О новом осознании в 1847 г. своей миссии художника свидетельствует и его письмо С. П. Шевыреву от 20 ноября (2 декабря) 1847 года из Неаполя:
Если и нынешняя моя книга, «Переписка» (по мнению даже неглупых людей и приятелей моих), способна распространить ложь и безнравственность и имеет свойство увлечь, то сам посуди, во сколько раз больше я могу увлечь и распространить ложь, если выступлю на сцену с моими живыми образами. Тут ведь я буду посильнее, чем в «Переписке». Там можно было разбить меня в пух и Павлову, и барону Розену, а здесь вряд ли и Павловым, и всяким прочим литературным рыцарям и наездникам будет под силу со мной потягаться.
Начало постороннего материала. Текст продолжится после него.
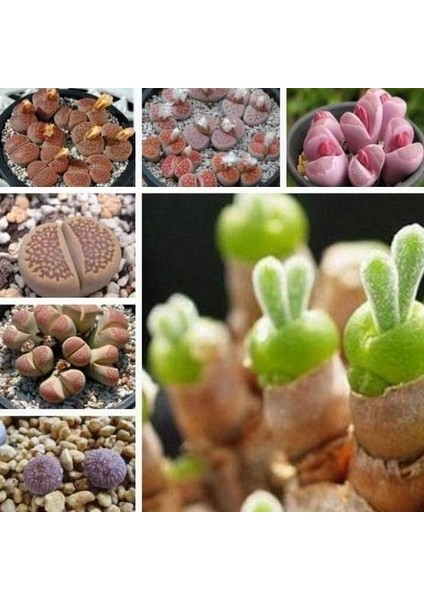 100'lü Mix Barrel Cactus Tohumu + 10'lu Hollanda Gülü Çiçek Tohumu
Так «Выбранные места…» и поэма «Мертвые души» стали в определенном смысле «единой книгой творений Гоголя»[93], пронизанной единством замысла[94]. От уготованной первоначально «Выбранным местам…» функции своеобразного ключа к пониманию поэмы Гоголь в итоге отказался. Теперь скорее продолжению поэмы суждено было реабилитировать «Переписку».
«Полное знание дела»: всё те же «Мертвые души»
Но и друзья не переставали надеяться на появление второго тома и призывать Гоголя к его завершению.
Прибавлю еще к сказанному, – напишет еще до выхода в свет «Выбранных мест…» М. П. Погодин Гоголю в Неаполь, – что если бы вышла теперь вторая половина М<ертвых> Душ, то вся Россия бросилась бы на нее с такою жадностию, какой еще никогда не было. Публика устала от жалкого состояния современной литературы. Странств<ующий> Жид был самым любоп<ытным> явленьем <…>. Ты думал о том, как бы Россия стала читать Одиссею. Нет, если хочешь взглянуть на существенность, подумай о том, как Россия читает Вечного Жида, Мартына Найденыша, Графа Монте-Кристо, Сына Тайны и проч., и проч., и проч. Не худо заглядывать иногда во все это. Не пора ли дать ей получше пищи?